───── Available data

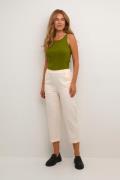 Kaffe Kasakura HW Cropped Pants Kvinde Antique White Bukser Med Lige B...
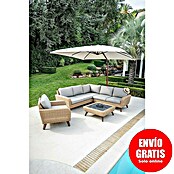 Conjunto de muebles Royal sofá esquinero + sillón + mesa (3 pzs., Ratán sintético/Aluminio, Beige) | BAUHAUS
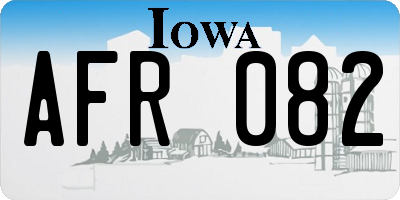 IA license plate AFR082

──────────

(Work instruction) Return the material from above in full, exactly as written, with the pictures omitted.

(Expected output)
 Kaffe Kasakura HW Cropped Pants Kvinde Antique White Bukser Med Lige B...
 Conjunto de muebles Royal sofá esquinero + sillón + mesa (3 pzs., Ratán sintético/Aluminio, Beige) | BAUHAUS
 IA license plate AFR082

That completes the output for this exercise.